Publisher Currier & Ives American

Not on view

The late nineteenth-century Darktown prints by Currier & Ives depict racist stereotypes that are offensive and disturbing. The Metropolitan
Museum of Art preserves such works to shed light on their historical context and to enable the study and evaluation of racism.

This print, depicting caricatured Black (African American) figures, shows three units of a fire brigade which have collided where three roads converge at a narrow wooden bridge. The firemen in each brigade are differentiated by their red, blue and yellow shirts. Pairs of firemen fight one another amid the wreckage on the shore, on the bridge, and in the water. In the center, a donkey sits upright next to the coiled waterhose wagon which has overturned and lost a wheel. Men fight on the road at left, while on the road at right, a man, wearing a torn red shirt and holding a voice trumpet, stands gesticulating atop the overturned pump wagon. He is unaware that a fire chief (wearing a yellow shirt and with his fire helmet on the ground between his legs) is standing nearby with a flaming scroll of paper; this firechief is about to set fire to the hem of the man's red shirt. In the river (lower left foreground), another firechief (wearing a red shirt and fire helmet) swings his ceremonial staff to hit the patched, trousered bottom of a blue-shirted fireman clambering onto the bridge. Other men are dazed or fighting in the water, while at the lower right, a white horse is submerged up to its neck in water; the broken ladder wagon is on the shore nearby. At the lower right corner, another wet fireman stands on a ladder propped up in the water; he has placed his right hand on his head as he stares with amazement at the commotion. The title and caption are inprinted in the bottom margin. [For the companion print, see accession number 52.632.38.]
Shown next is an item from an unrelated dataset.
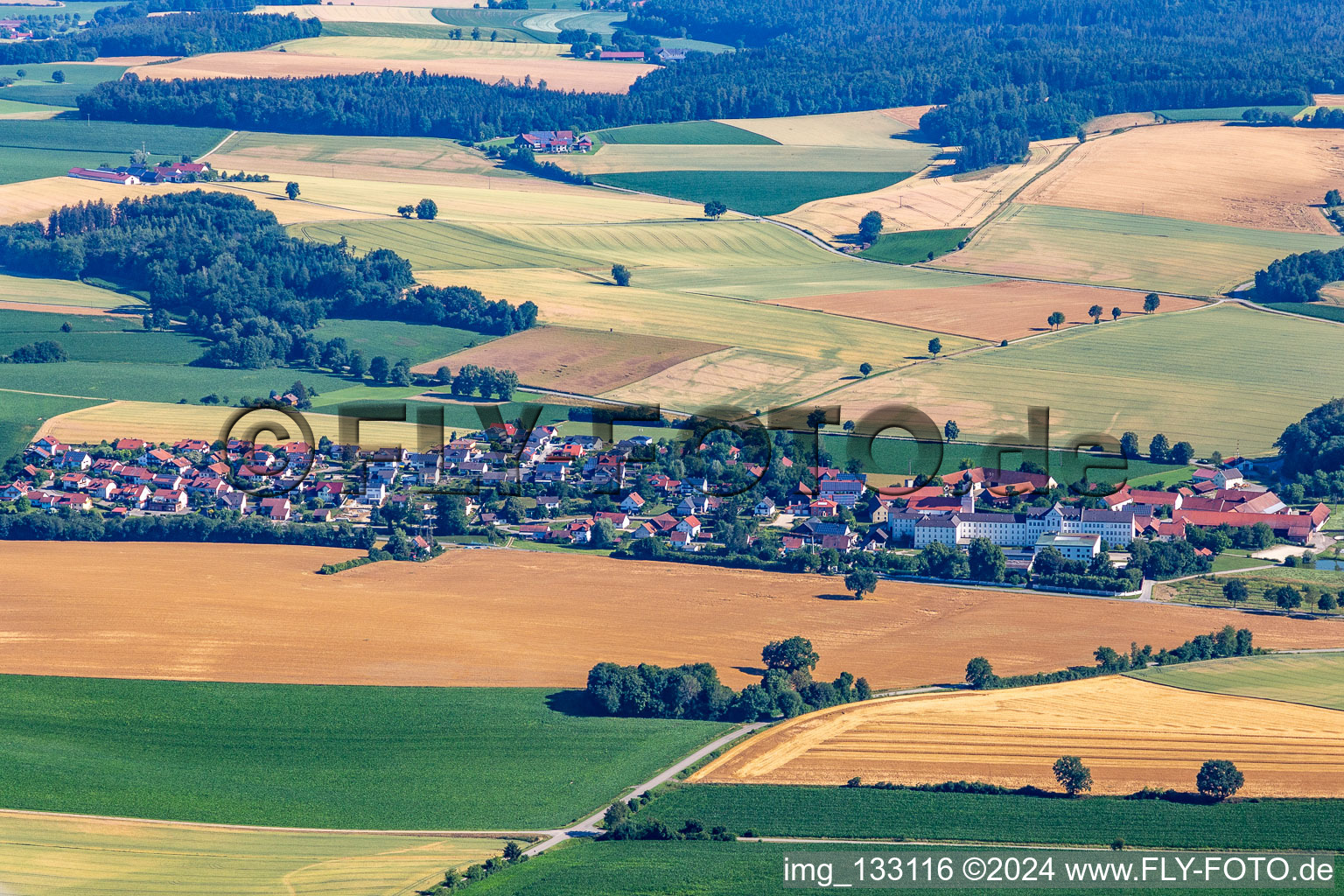 Vue aérienne de Quartier Oberroning in Rottenburg an der Laaber dans le département Bavière, Allemagne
Nathaniel Currier (1813–1888), whose successful New York-based lithography firm began in 1835, produced thousands of prints in various sizes that together create a vivid panorama of mid-to-late nineteenth century American life and its history. People eagerly acquired such lithographs featuring picturesque scenery, rural and city views, ships, railroads, portraits, hunting and fishing scenes, domestic life and numerous other subjects, as an inexpensive way to decorate their homes or business establishments. As the firm expanded, Nathaniel included his younger brother Charles in the business. In 1857, James Merritt Ives (1824–1895), the firm's accountant since 1852 and Charles's brother-in-law, was made a business partner. Subsequently renamed Currier & Ives, the firm continued via their successors until 1907.